(Task prompt):
For this exercise, write out only the lines of the entries below from the one with "Kick Start Conversion" up to and including the one with "gallery. PolymerClayDaily.com Alice", exactly as they are. Pictures stay out.

(Data extracts):

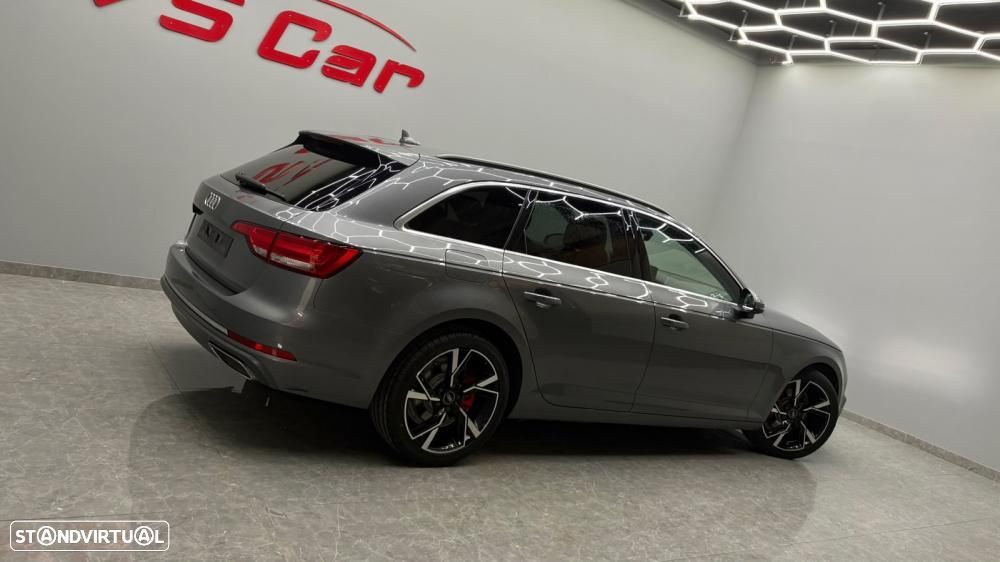 Audi A4 Avant 35 TDI Sport S tronic - 31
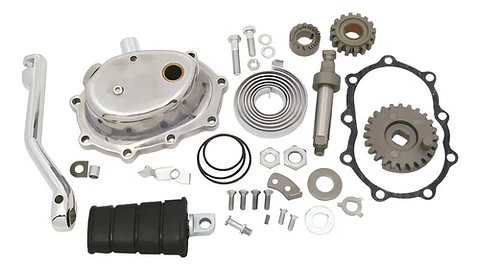Kick Start Conversion Kit Big Twin Harley-davidson 4 Marchas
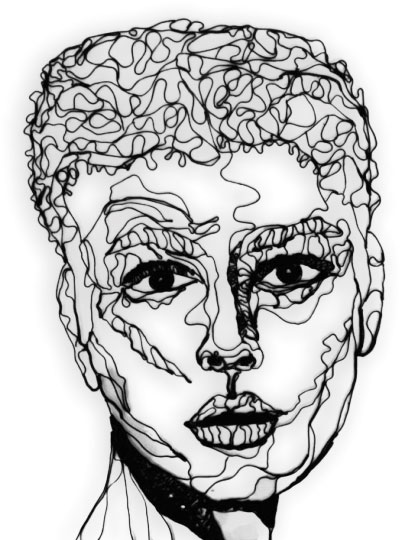 Alice Stroppel offers a free tutorial. Add your portrait to her online gallery. PolymerClayDaily.com Alice Stroppel offers a free tutorial. Add your portrait to her online gallery. PolymerClayDaily.com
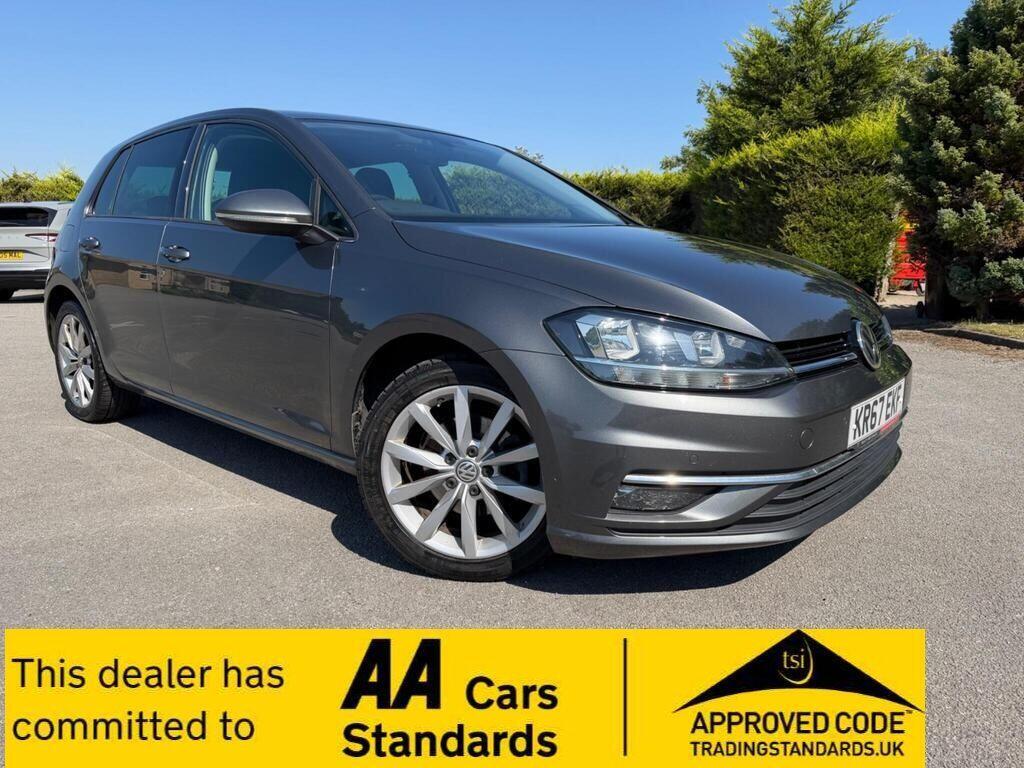 Volkswagen Golf Hatchback 2.0 TDI GT DSG Euro 6 (s/s) 5dr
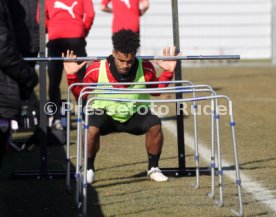 VfB Stuttgart Training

(Answer box):
Kick Start Conversion Kit Big Twin Harley-davidson 4 Marchas
 Alice Stroppel offers a free tutorial. Add your portrait to her online gallery. PolymerClayDaily.com Alice Stroppel offers a free tutorial. Add your portrait to her online gallery. PolymerClayDaily.com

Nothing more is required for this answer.